## What the task asks
Provide again, from the entries below, every line from the one containing "Paire de pieds de lampe en fer forgé" through the one containing "Tỷ lệ rút tiền", exactly as written, and no other line.

[Web page caption snippets]
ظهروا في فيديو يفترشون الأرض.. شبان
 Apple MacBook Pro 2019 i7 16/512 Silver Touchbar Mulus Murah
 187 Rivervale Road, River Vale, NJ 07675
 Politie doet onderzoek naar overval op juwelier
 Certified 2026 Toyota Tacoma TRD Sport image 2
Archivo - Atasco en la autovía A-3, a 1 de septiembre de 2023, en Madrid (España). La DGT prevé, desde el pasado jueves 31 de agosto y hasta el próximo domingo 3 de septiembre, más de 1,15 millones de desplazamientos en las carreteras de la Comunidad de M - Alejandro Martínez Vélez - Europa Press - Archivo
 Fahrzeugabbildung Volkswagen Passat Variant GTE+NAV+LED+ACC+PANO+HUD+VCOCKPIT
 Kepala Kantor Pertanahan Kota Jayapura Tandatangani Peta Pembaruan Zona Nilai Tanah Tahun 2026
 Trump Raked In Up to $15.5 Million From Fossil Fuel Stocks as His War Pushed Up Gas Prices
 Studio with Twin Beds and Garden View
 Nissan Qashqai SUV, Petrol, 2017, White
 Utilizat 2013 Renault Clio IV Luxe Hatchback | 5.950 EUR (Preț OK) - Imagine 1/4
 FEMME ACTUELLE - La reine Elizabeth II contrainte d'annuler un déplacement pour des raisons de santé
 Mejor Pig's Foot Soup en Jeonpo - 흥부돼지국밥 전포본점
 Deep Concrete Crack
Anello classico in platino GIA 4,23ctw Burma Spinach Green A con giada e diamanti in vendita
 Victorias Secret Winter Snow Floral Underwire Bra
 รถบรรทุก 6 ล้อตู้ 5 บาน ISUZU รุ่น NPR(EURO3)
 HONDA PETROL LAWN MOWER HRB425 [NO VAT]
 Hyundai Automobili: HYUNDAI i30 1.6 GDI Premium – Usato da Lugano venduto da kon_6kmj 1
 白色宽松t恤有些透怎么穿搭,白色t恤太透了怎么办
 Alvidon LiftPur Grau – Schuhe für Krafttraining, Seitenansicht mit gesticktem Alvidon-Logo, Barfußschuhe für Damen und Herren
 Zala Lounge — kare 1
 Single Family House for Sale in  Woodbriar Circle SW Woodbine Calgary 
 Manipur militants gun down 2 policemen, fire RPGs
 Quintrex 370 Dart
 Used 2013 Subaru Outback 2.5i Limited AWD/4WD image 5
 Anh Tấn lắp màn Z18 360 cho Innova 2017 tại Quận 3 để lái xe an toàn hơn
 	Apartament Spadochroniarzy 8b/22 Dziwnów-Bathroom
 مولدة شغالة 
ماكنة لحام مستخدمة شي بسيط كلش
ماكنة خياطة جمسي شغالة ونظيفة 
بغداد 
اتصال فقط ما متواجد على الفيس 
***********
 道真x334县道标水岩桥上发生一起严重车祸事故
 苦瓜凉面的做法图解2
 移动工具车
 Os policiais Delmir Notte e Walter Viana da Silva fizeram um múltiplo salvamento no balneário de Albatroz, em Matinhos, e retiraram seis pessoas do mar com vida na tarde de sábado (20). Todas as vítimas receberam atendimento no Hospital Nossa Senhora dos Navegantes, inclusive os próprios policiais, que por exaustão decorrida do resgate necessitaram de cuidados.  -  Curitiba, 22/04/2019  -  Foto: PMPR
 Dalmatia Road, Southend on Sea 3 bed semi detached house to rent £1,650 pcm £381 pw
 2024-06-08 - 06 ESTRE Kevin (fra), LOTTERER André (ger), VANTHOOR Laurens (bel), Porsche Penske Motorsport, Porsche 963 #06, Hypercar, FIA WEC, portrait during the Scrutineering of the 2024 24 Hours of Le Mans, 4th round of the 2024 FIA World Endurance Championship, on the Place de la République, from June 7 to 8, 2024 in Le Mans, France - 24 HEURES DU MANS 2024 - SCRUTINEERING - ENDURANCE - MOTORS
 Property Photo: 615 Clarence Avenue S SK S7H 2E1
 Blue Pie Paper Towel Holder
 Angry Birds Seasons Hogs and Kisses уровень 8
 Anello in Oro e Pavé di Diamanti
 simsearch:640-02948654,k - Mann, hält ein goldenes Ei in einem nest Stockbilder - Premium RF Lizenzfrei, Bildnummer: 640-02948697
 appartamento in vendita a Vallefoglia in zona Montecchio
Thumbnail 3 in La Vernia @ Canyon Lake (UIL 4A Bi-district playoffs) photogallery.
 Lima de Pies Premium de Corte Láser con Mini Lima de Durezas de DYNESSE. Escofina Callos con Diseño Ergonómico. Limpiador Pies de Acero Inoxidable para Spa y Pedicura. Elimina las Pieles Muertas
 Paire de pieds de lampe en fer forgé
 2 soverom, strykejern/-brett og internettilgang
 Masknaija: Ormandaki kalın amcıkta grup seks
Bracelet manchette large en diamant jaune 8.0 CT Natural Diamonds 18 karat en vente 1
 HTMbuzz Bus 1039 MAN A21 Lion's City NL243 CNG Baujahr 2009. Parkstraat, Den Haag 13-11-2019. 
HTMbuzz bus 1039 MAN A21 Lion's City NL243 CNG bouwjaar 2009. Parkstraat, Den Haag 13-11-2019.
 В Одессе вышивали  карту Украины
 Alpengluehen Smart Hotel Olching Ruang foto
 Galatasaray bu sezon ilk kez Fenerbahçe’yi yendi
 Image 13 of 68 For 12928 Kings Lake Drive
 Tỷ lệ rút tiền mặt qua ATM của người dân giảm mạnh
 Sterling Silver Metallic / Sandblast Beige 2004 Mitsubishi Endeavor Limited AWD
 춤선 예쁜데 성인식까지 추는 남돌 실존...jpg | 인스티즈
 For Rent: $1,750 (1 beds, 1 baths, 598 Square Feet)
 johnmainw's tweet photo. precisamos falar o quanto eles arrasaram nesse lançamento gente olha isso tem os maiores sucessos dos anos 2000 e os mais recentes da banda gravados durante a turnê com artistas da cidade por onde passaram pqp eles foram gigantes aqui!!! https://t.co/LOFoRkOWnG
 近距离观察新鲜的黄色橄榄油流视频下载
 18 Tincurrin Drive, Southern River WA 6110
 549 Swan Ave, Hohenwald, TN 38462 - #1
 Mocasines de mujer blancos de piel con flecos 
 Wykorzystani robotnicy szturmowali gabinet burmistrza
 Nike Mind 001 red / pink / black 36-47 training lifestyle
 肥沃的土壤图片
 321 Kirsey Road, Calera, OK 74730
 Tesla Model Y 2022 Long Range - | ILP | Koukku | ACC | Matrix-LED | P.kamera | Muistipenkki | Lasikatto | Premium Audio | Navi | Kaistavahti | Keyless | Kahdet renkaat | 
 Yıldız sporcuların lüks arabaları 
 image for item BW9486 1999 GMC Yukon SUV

## Written solution
 Paire de pieds de lampe en fer forgé
 2 soverom, strykejern/-brett og internettilgang
 Masknaija: Ormandaki kalın amcıkta grup seks
Bracelet manchette large en diamant jaune 8.0 CT Natural Diamonds 18 karat en vente 1
 HTMbuzz Bus 1039 MAN A21 Lion's City NL243 CNG Baujahr 2009. Parkstraat, Den Haag 13-11-2019. 
HTMbuzz bus 1039 MAN A21 Lion's City NL243 CNG bouwjaar 2009. Parkstraat, Den Haag 13-11-2019.
 В Одессе вышивали  карту Украины
 Alpengluehen Smart Hotel Olching Ruang foto
 Galatasaray bu sezon ilk kez Fenerbahçe’yi yendi
 Image 13 of 68 For 12928 Kings Lake Drive
 Tỷ lệ rút tiền mặt qua ATM của người dân giảm mạnh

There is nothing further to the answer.